Audi is to upgrade part of its vehicle electrical system from 12 to 48 volts, as current 12 volt battery power is no longer capable of meeting the demands of new components and equipment.
Audi recently showcased the scope of the 48 volt electrical system in the Audi A6 TDI concept and RS 5 TDI concept technology demonstrators. Both models are fitted with an electrically powered compressor. This operates independently of the engine load and therefore fundamentally improves acceleration. 48 volt technology is also ideal for systems such as dynamic chassis control.
The current state of the art technology has taken 12 volt electrical systems to their limits. Especially at low temperatures, all the various static‑load consumers can account for the entire power generated by the alternator, which can deliver up to three kilowatts. The battery power is no longer capable of meeting the demands of new, dynamic‑load consumers such as high‑performance electric compressors.
The solution is a second subsidiary electrical system running at 48 volts, to complement the 12 volt power supply. The higher voltage means smaller cable cross-sections are needed; this translates into lighter cable harnesses with lower power dissipation. The 48 volt electrical system features new storage technologies and delivers much more power than the 12 volt system with lead batteries. That makes it an important element of the Audi strategy of electrifying various stages of the drivetrain. The Group’s developers have already come up with a scalable platform concept, including a version that incorporates the electrically powered compressor.

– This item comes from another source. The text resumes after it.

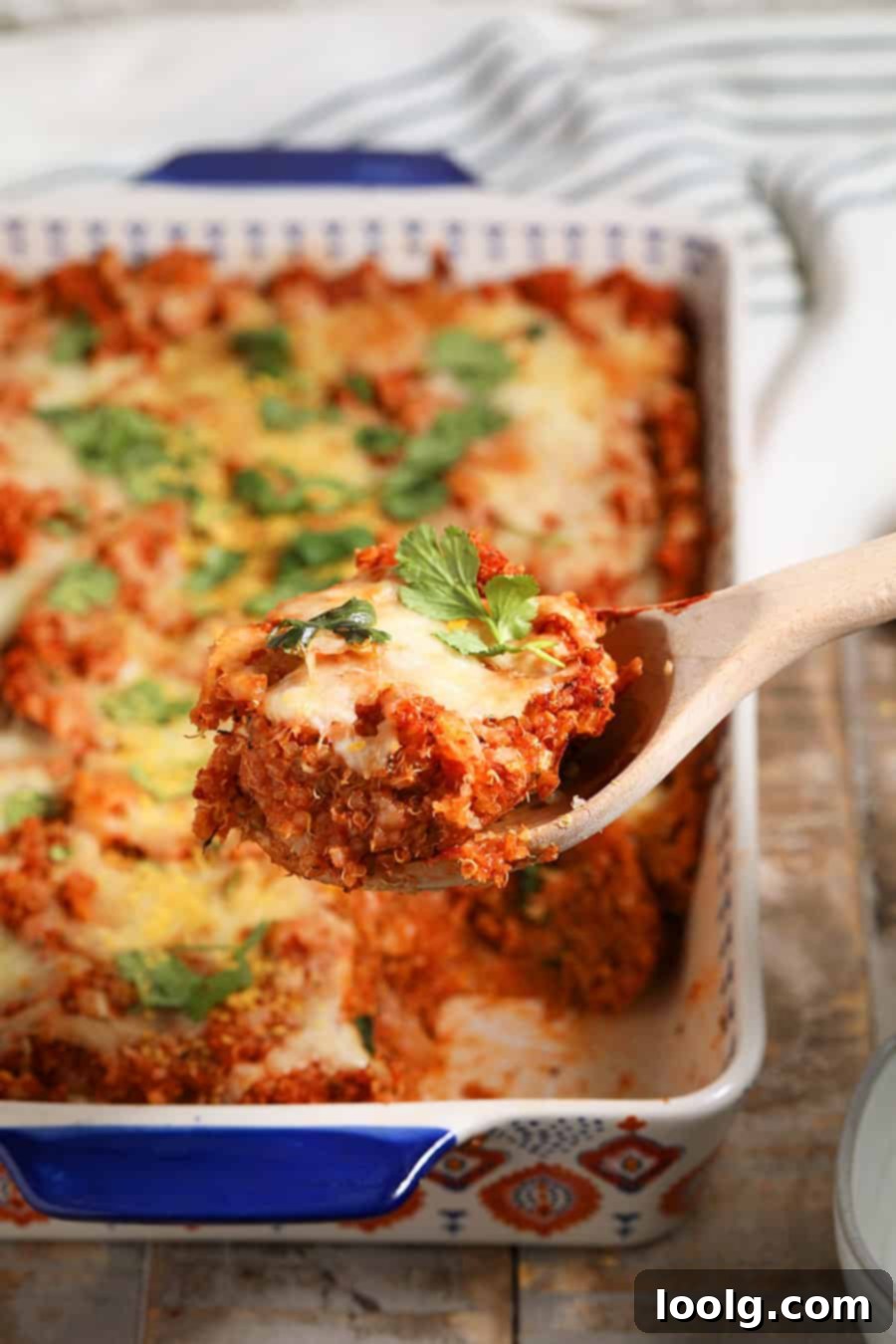 Close-up of baked quinoa pizza casserole with golden, crispy edges and melted cheese.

In the current highest development version, a compact lithium‑ion battery supplies 48 volts as the energy source during engine‑off phases; a DC/DC converter integrates the 12‑volt electrical system. The lithium‑ion battery operates in conjunction with a new, efficiency-optimised alternator that qualifies the drivetrain as a mild hybrid. Within this concept there are diverse ways of starting, controlling and deactivating the combustion engine as needed. The powerful alternator achieves an energy recovery output of ten kilowatts, far more than is possible at present. That adds up to a saving of up to ten grams of CO2 per kilometre, equivalent to around 0.4 litres of fuel per 100 km.